You need your Camping app to be able to serve the javascript libraries to the client. Follow these instructions from the wiki. We have updated them recently to be more robust.

Once you actually deploy your app, it will be faster and more stable to serve the static directory either directly from Apache, or with a mongrel dirhandler. Both ways bypass your static camping controller. There is an example of the mongrel dirhandler in rv version 2.

require the javascript

Copy the Prototype and Scriptaculous javascript libraries out of a Rails installation, and require them in the head element of your layout.

in your layout method, in App::Views
head do
  ['prototype', 'effects', 'controls'].each do |s|
    script :src => "/static/#{s}.js", :type => 'text/javascript'
  end
end

make a link

Make a link in one of your views that will call the ajax’ed action and specify the element to update with the response.

in your view method, in App::Views
id = "some_element"
onclick = "new Ajax.Updater('#{id}', '#{URL(MyAction, some_parameter)}',
           {asynchronous:true, evalScripts:true}); return false;"
a "Link text",
  :id => id,
  :href => R(NoJavascriptFallbackAction, some_parameter),
  :onClick => onclick                

return something

Then have your action just return a raw string instead of calling render:

in App::Controllers
class MyAction < R '/myaction/(.*)'
  def post param
    # do something with param
    "Mepw!"
  end
end

the Ajax.Updater will replace the element you specified with the action’s response.

Or a feral cat. Mepw.

sqlite3, camping, and sessions

If you use Camping::Session, this could be useful to you.

hair

I was tearing my hair out because all of a sudden after I deleted my ~/.camping.db, my camping app completely failed despite the .create method that had worked perfectly well before. The error

ActiveRecord::StatementInvalid ActiveRecord::StatementInvalid:

is identical to the one you get if you try to use the sqlite3-ruby gem without swig bindings installed.

So, I tried every possible combination of installs, uninstalls, library paths, and even looked in the sqlite3-ruby sources, where it seemed that some table was empty when it wasn’t supposed to be.

solution

It wasn’t until I switched to MySQL that I really figured out the problem.

No such table 'sessions'.

If you are using Camping::Session, you need the line Camping::Models::Session.create_schema in your .create method. I had run the camping examples before, and this had created the sessions table in my ~/.camping.db.
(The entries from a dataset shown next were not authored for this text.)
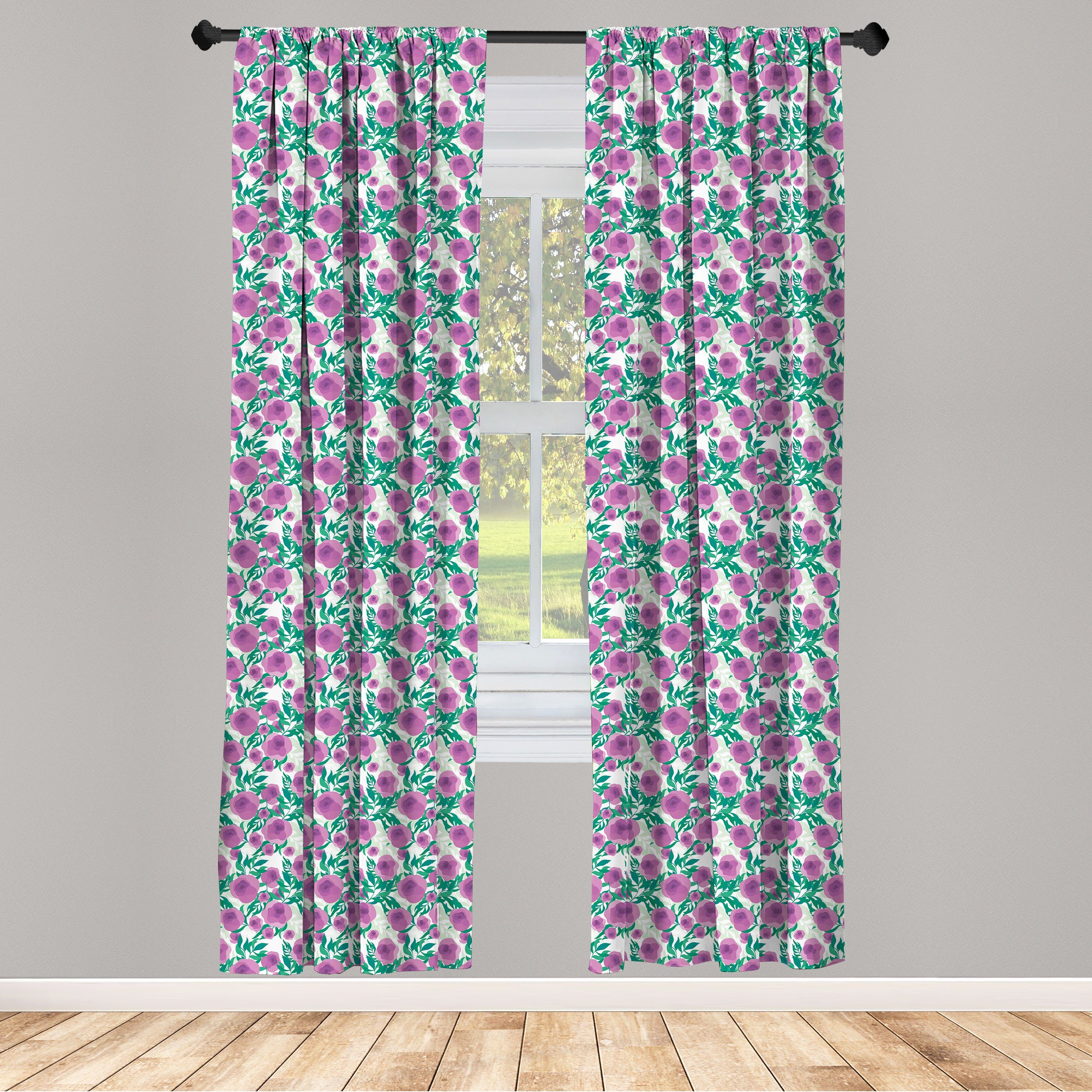 Gardine Vorhang für Wohnzimmer Schlafzimmer Dekor, Abakuhaus, Microfaser, Blumen Zarte Blätter und Blumen
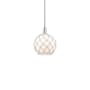 Innovations Lighting Farmhouse Rope 10" Wide Mini Pendant Polished Nickel / White Glass with Brown Rope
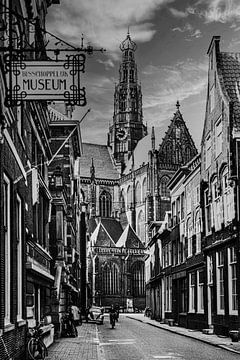 Haarlem zicht op de grote Kerk.oud Haarlem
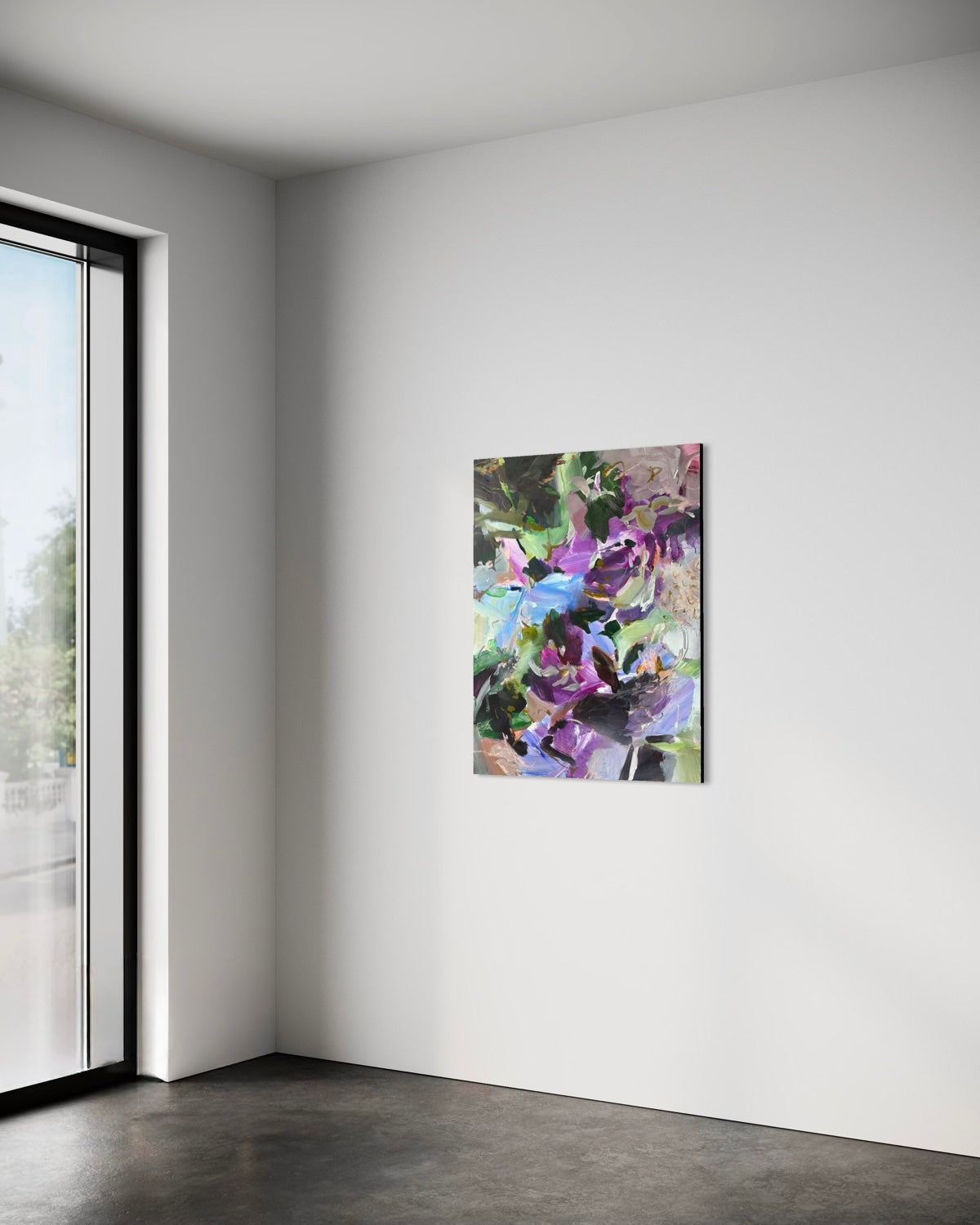 Unnamed Season by Anna Rolskaya displayed in a contemporary interior to show the painting’s scale.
But when I reset the database that table got destroyed, never to return.

:(

sqlite3-ruby’s error reporting is less than awesome.

self-referential, polymorphic has_many through helper now a plugin

Thanks to Chris Wanstrath, my polymorphic, self-referential has_many :through module is now a handy plugin.

Read more.

In the process of working with it, I discovered this ActiveRecord oddity:

Dog.find(:all, :conditions => {:name => "Sparky", :likes_treats => 1}) works fine.

But Dog.find(:all, :conditions => {:name => "Sparky", :likes_treats => 1, :favorite_tree => nil}) doesn’t work at all. Apparently ActiveRecord is turning the “ => nil” into “ = NULL” when it needs to be “ IS NULL”, at least for MySQL.

I would look to see if there was a ticket for this already, but the Rails trac is still down. Anybody else run into this?